Philip Doughty came from the small mining town of Wombwell in the West Riding of Yorkshire. He went to nearby Barnsley Grammar School, overlapping with Michael Parkinson, then on to Nottingham University where he graduated in Geology and completed a Master’s degree. While writing his Master’s thesis he married Janet and taught at Giggleswick School, Settle, North Yorkshire. His thesis Joint densities in the Great Scar Limestone was eventually published in the Proceedings of the Yorkshire Geological Society.
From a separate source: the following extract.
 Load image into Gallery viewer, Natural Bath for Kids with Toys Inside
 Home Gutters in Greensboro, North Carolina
His first museum job was as a general natural history curator at Scunthorpe Museum. Then in 1965 he became an Assistant Keeper in the Natural History department of the Ulster Museum. Phil always stressed that he was appointed as a geologist to care for and develop the geology collections – a specialist geologist on the staff for the first time in the Museum’s long and complicated history, dating right back to the opening of the Belfast Natural History & Philosophical Society’s Museum in 1831. This was an exciting time to join the fledgling Ulster Museum – with its recent elevation from local authority to national status, its growing staff numbers and a large new extension to the existing building being planned.
In 1970 he became Keeper of his own new Department of Geology. Against a generally favourable background of Museum expansion, over the next few years he built up a small team of geologists: Terry Bruton, John Wilson, Rab Nawaz and Ken James. His top priority was rescuing the stored geology collections from where they had languished since World War Two – at the bottom of a lift shaft in the Museum and in rat-infested lock-ups beneath the railway bridge on Tate’s Avenue, Belfast.
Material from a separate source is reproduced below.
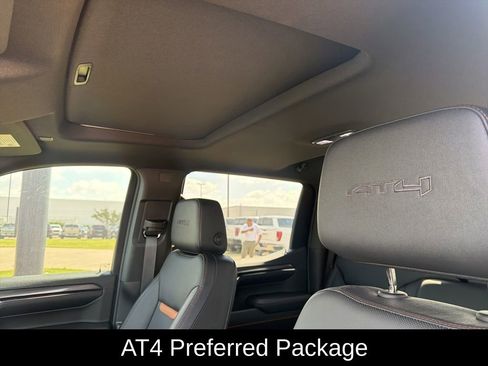 Used 2024 GMC Sierra 1500 AT4 w/ Technology Package AWD/4WD image 7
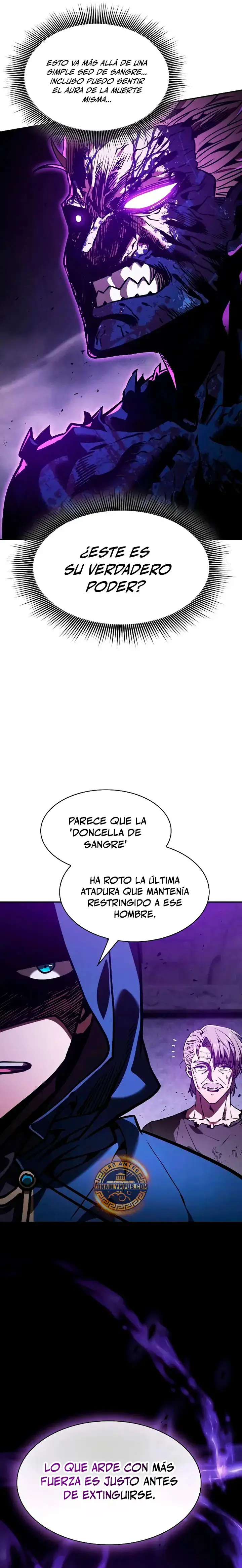 Maestro de Espadas Genio de la Academia capítulo 145, página 7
Phil and his team were responsible for creating a series of innovative and award-winning geology galleries which opened sequentially through the 1970s – Variety of Life, Geology of Ireland, Landscape and Earth’s Treasures – the success of these galleries followed from the detailed briefs Phil had prepared. It is a testament to their effectiveness that, with only relatively minor changes, they remained popular with visitors for some three decades.
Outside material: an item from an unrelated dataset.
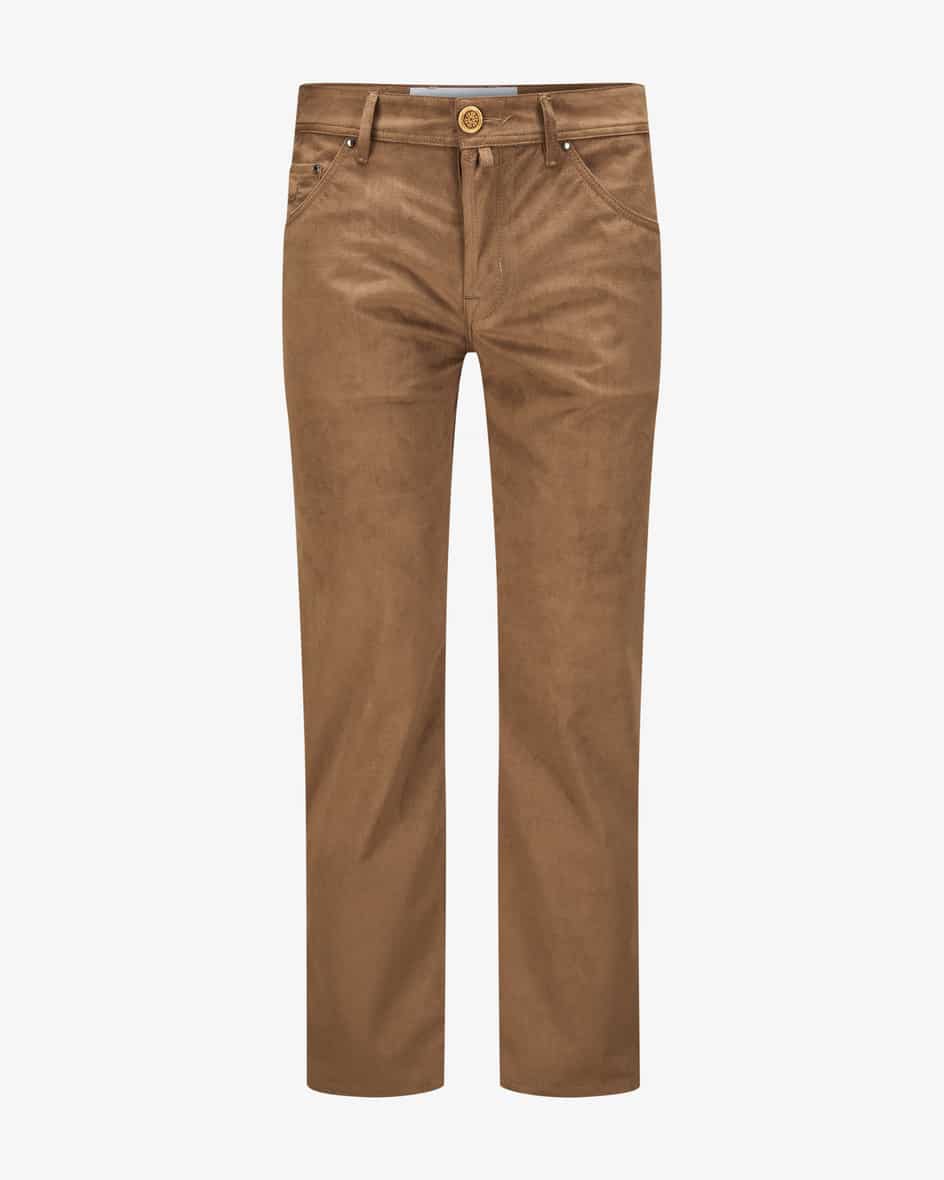 Jacob Cohen Scott Hose Slim Cropped Carrot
The geology collections were built up by astute purchases of display material and by systematic field collecting. Phil also knew that good research projects helped to boost the Museum’s credibility - projects such as the Bovedy meteorite in 1969, the 1972 Pollnagollum cave excavations in Fermanagh, and the 1986 Aghnadarragh mammoth discoveries near the Antrim shore of Lough Neagh. It’s telling that both the Polnagollum and Aghnadarragh projects arose from chance discoveries made by members of the public who knew that the place to find out more would be Phil’s Geology Department at the Ulster Museum.
His personal mission, to raise the profile of geology, geology collections and museums generally, took him beyond Northern Ireland. He was a prominent member of the UK-wide Museum Assistants Group, editing their newsletter, and he helped to found the Geological Curators’ Group (GCG) in 1974 - the first of the subject specialist groups that have done so much to raise curatorial standards generally. He organised a ground-breaking survey of museums for GCG, published in 1981 as The State and Status of Geology in UK Museums. This helped to change attitudes towards long-neglected geology collections across the country. He chaired GCG in the mid-1980s and was quite recently awarded the group’s prestigious Brighton Medal for outstanding services to museum geology.
While a Council member of the UK Museums Association, he became involved with their Information Retrieval Group and helped to pioneer new methods of managing information about museum objects. This put the Ulster Museum in at the start of the digital revolution in museum data handling, during the late 1970s and 80s.
But Phil knew better than many that there’s no point in having well-organised and well-documented museums if you don’t get out there and communicate the excitement and relevance of collections to the public. He was a great communicator, with an ability to inspire his audience. From answering enquiries one-to-one, to the many extra-mural classes he taught for Queen’s University Belfast in the 1970s and 80s, and establishing the Geology Tamed! lecture series at the Ulster Museum in 2002, his ability to grab and hold people’s attention was clear. That same talent was just as evident in the field, of course, when leading field trips for the Belfast Geologists’ Society, or the Belfast Naturalists’ Field Club, or the annual Rocks Around the North week. This ability to get the message across extended to his many radio and TV broadcasts, and to the written word – from articles in the popular press to the formality of site conservation reports – most famously perhaps, his words to UNESCO which helped bring World Heritage Site status to the Giant’s Causeway in 1986.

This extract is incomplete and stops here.